The crippling impact of high interest rates could be ameliorated where there is an alternative to the commercial banks. Stiglitz noted that Brazilian banks also charge exorbitant interest rates – but this does not damage the Brazilian economy, since Brazil has a development bank, the BNDES, controlling more resources than the World Bank does, which can provide cheap loans to businesses.
Stiglitz warned against excessive concentration on natural resources (such as the coal and natural gas that Mozambique possesses in abundance). Countries dazzled by their resources had often fallen victim to the “resource curse” – their growth rates were slower than those of countries without resources, and their societies were much more unequal. Stiglitz warned that inequality is damaging, and that “by creating a more equal society, you can have a stronger economy”.
He cited the case of Venezuela before the rise to power of the populist leader Hugo Chavez. Then, despite Venezuela’s oil wealth, 60 to 80 per cent of the population lived in poverty. Venezuela had not prospered as well as, for example, Costa Rica, a Latin American country with very few natural resources.
The “resource curse” was not inevitable – among the countries that had used their resources well, Stiglitz said, were Botswana, Norway, Malaysia and Chile.
He pointed out that, despite all talk of “win-win” solutions, there are fundamental conflicts involved in natural resource exploitation – notably between private business and the public interest.

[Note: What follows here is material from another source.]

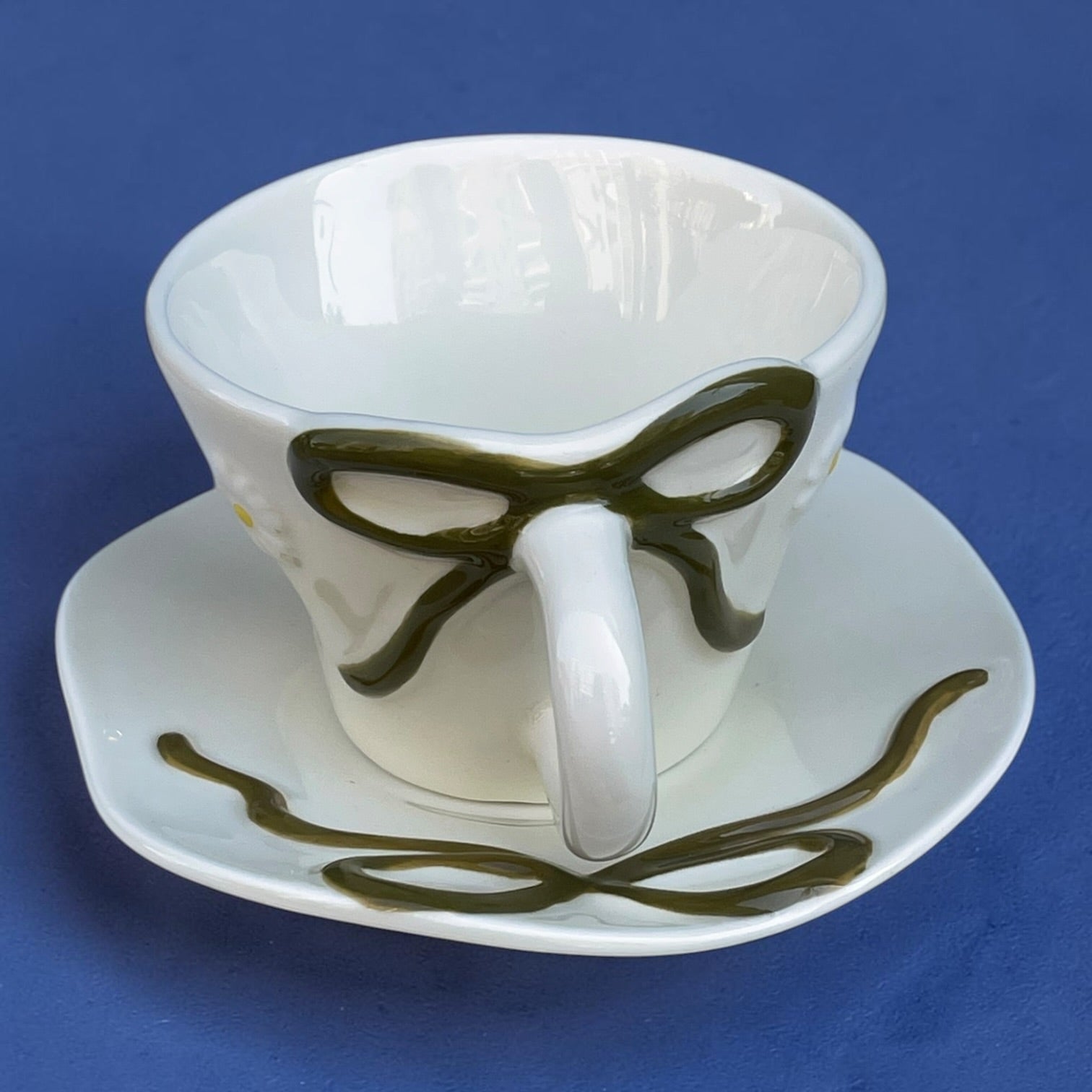 Ribbon mug with plate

While private mining companies always want to pay the lowest possible price for the resources, it is in the public interest that they should pay the highest possible price.
Stiglitz favoured heavy taxes on mining companies, and insisted that in the long run countries can only benefit from their resources under the ground if they invest the money those resources earn in facilities for the public good above the ground.
“You can govern by depleting resources”, Stiglitz said. “But if you don’t invest the money above the ground, you become poor. You diminish your future”.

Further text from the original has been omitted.